Just a little blog post with a link to a great story from the BBC magazine website. I hope this lovely story of wartime charity will be an encouragement to all you generous quilters who make and donate quilts for good causes.
Joseph Briddock, 79, lived through the wartime bombing of London. He and his family lost three homes and most of their possessions in that time. Soon after the war they were the recipients of a box from Care, a charity set up in the USA in 1945. In their box they found a quilt as well as the much needed packets and tins of food.
Here are some of Joseph’s recollections recorded by Camila Ruz in her article:
“It was a real quality thing to get,” he explains. “It was so warm and luxurious…”

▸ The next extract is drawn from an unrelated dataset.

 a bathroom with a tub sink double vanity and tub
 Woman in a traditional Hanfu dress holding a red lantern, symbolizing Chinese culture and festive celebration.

It was his mother who saved the quilt. She kept it with her for 30 years until her death in 1978. Her son found it at her house afterwards and took it home.
“I’ve got massive feelings of connection with that time so it’s something I would never have let go,” he explains.
“We thought about those ladies painstakingly making it and we loved it and revered it and we’ve treasured it.”
It may only have been a small gift, he says. But it had a massive effect.
What a moving story! A reminder that civilians along with servicemen and women pay the price of war long beyond the ceasefire; and that anonymous acts of kindness can have the most profound effect on those who receive a gift that provides both practical and emotional support.
Care are still providing packages for people in need. I know that during WWII many people in the UK received quilts via the Canadian Red Cross and no doubt there were other organisations and individuals who gave their time and resources to make and distribute quilts that would have provided far more than physical warmth to those who received beautiful gifts in such harsh times.